For an illustration of the psychological roots of conservative and progressive value-systems, see Johnathan Haidt at TED, and you will see the obligation is on the “progressives” to reach out to the conservatives, and not the other way around. http://www.youtube.com/watch?v=vs41JrnGaxc

Also see Brene Brown speak, at TEDx Houston, about the roots of intolerant, mean-spirited civil discourse - and what must be done to overcome it.

Regarding civil engagement:
Instead of treating issues as a spectator or commentator, which is how our media has socialized us all to behave, we should speak of our roles and responsibilities as citizens. Rather than express the desire for others to fix things or get it right, we should illustrate the roles people can play (including ourselves) in solving our common problems. Essentially, we must change the dialogue from "politics is a spectator sport" to "political participation is our civic duty". Possible ways to participate include: letter writing (politicians, newspapers, radio stations, television stations), going to meetings and helping raise awareness and the level of understanding within different communities, lobbying politicians and civil servants, fund-raising for organizations that serve the public good, organizing for political candidates, etc...

Strategically, these values and principles may be promoted in all kinds of arenas, with both “progressive” and “conservative” and other ideological systems as well:

  • within organizations
  • between organizations
  • in the media
  • to/with political figures
  • in public meetings
  • on youtube/internet
The Challenge:

The most challenging part of this call to civil discourse is its demand that we live up to a higher standard than those with whom we must work - those same people who threaten society and harm the common good. We must empathize with their pain and learn how they came to be so hurt, and as we try to help them come back to a compassionate and responsible citizenship, we must not aim to "beat" them, but rather to treat them with compassion even as we use our strength to protect society from them.

Worthiness, Vulnerability, Shame, Resilience:

Brene Brown teaches that inherent self-worth allows us to overcome our vulnerabilities

Brene Brown gave a fantastic talk, in which she explains that the woes of our current political, religious, and civil cultures are a reflection of the inherent insecurities of the generation of adults in power. The intolerance, fear, and divisiveness we see are not a reflection of anything intrinsic to human nature - in fact the opposite is true! When we have secure childhoods, in which we grow up believing that we are inherently loved and worthy of love, exactly as we are and for who we truly are, then we grow into adults capable of compassion, responsibility, clear-headedness. It is the absence of this security that creates the ignorant, mean-spirited and intolerant dynamics that are so destructive to our common good.

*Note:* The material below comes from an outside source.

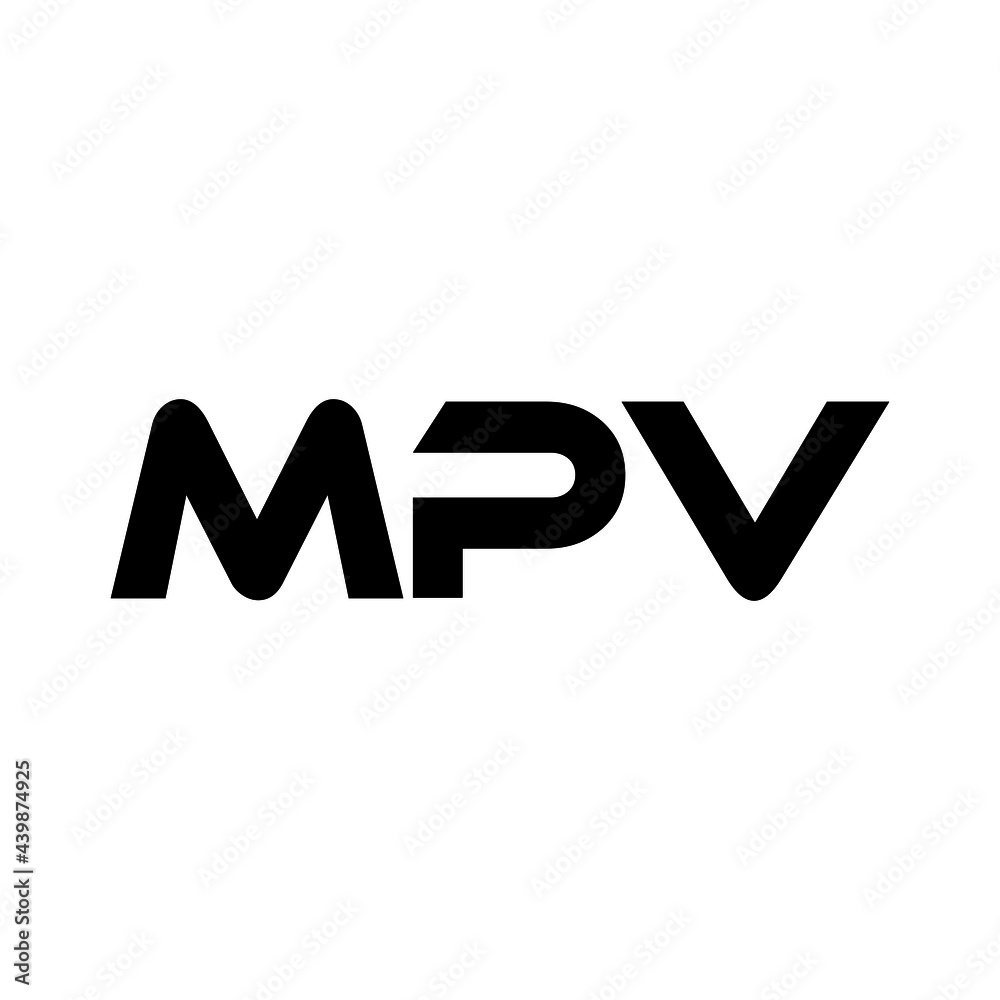 MPV letter logo design with white background in illustrator, vector logo modern alphabet font overlap style. calligraphy designs for logo, Poster, Invitation, etc. MPV letter logo design with white background in illustrator, vector logo modern alphabet font overlap style. calligraphy designs for logo, Poster, Invitation, etc.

I believe this should be a rallying call to all people working for the betterment of society: note that the "bad guys", those politicians and lobby groups that are fighting to hurt others, are actually people with psychological injuries. They are not evil, but hurt. They do not require vanquishing, but to be contained (prevented from harming others) and to be treated with respect and compassion - until they heal from their wounds and can join the rest of us in a respectful, compassionate society.